Saturday was spent making our way to Campeche. Though only 6hours away, the buses didn´t leave til midnight. So instead we went halfway to Villahermosa and spent the afternoon in the local zoo, getting to see jaguars which are very sacred to ancient Mexican culture and then caught the night bus to Campeche. Because it wasn´t too far away we got in about 4am. Chanced our arm and got a taxi to a nearby hostel. Luckily they had space and got some sleep. Campeche is beside the sea and even still, the humidity is really high here. So not doing very much today. Plan is to head off tomorrow and hit the Yucatan.

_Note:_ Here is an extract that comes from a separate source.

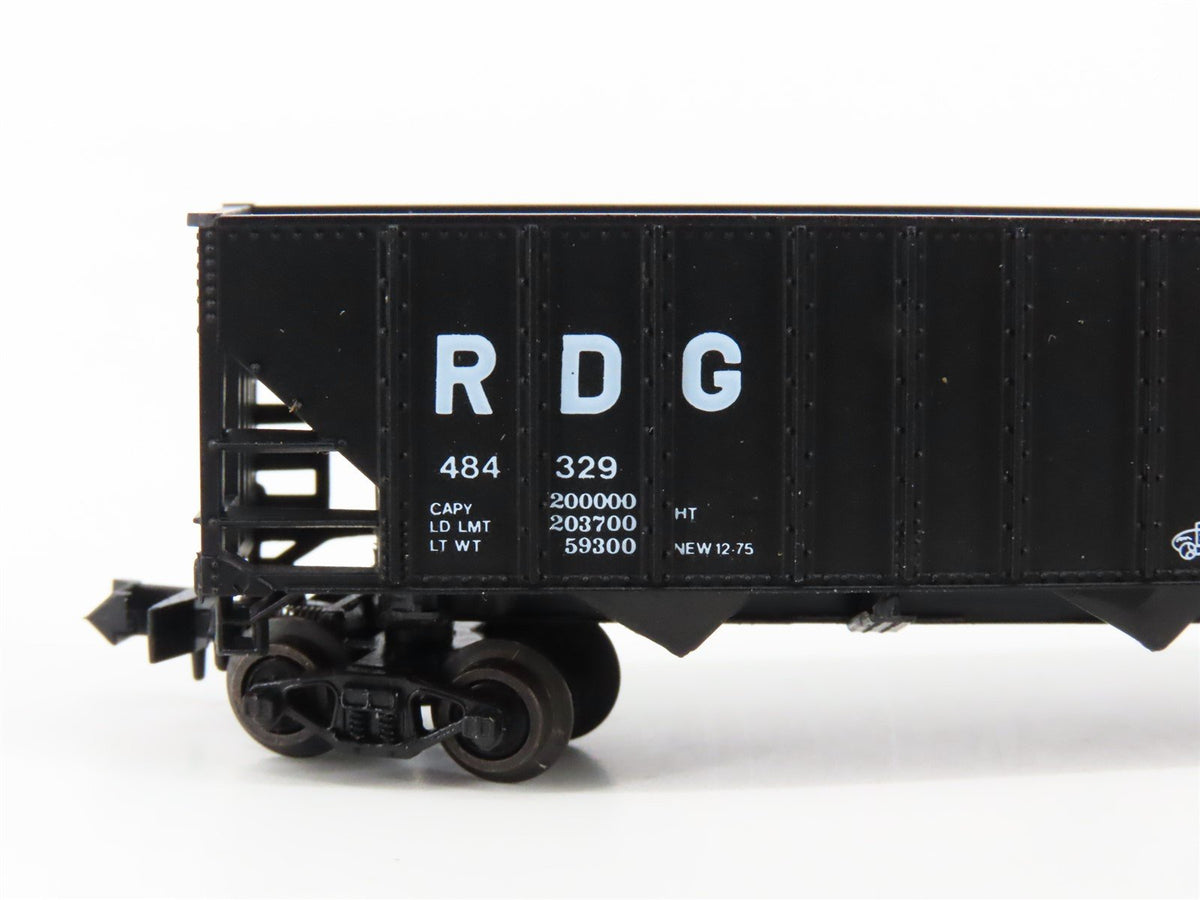 N Scale Bev-Bel 14001 RDG Reading 100-Ton 3-Bay Open Hopper #484329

Monday, September 15, 2008

From Oaxoca to Puerto Escondido


Last week sometime (can´t remember days anymore!) we left Mexico city and made our way further south to Oaxoca city. City full of churches mainly, we just spent a couple of days there. There is alot of poverty there and loads of vendors selling everything. After awhile you can get complacent and just brush them off with a polite ´No Gracias´. It gets really hot during the day and one of days we went into shop to get some drinks and there behind the counter, a mother was washing her newborn daughter in a bucket. When she saw us she just wrapped up the baby in a towel and started to serve us, the baby was tiny and couldn´t have been more than a couple of days old- no such thing as maternity leave here! We continued one to a shaded tree in one of the many squares to cool off. When we left we unknowingly left behind our shopping from the market earlier that day. We only realised it a couple of hours later and when we went back of course it was gone. But it turned out a local artist selling his art in the square had found it and was keeping it for us. We were given directions to where he was teaching an art class and when we found him he had our things- we left Oaxoca the next day with a very good vibe for the city.

Our next stop was Puerto Escondido, a beach town famous for the Mexican Pipeline. The bus took 6h and was pretty much on mountain bends for all the journey. Spent the days just chilling out on the beaches and while i think i am a dab hand at surfing (down on Lahinch and Strand hill when the tide is calm) there was no way i was attempting to catch any of these waves- i think they would have made mince meat of me. Some of them must have been 20ft high. It was just fine to sit back and watch the pros do it. We did muster up a bit of energy and do a boat trip out to see the dolphins- well that was how they sold it to us.! We did not see hide nor hair of a dolphin. However, the skipper managed to spot an adult turtle beside the boat and got it on board- have some good photos of that-will try and upload them next time. And we also managed to catch a big fish- called Mahi Mahi- it was a fiesty thing as it took three attempts to kill it- poking its eyes out didn´t do it, nor did slitting its throat but finally mashing its head with a blunt object knocked the life out it!!! Spent last night on the night bus for 13h journey to San Cristobal. Today is a national feast day, independence day. Apparently big celebrations everywhere. So we are off to take a look!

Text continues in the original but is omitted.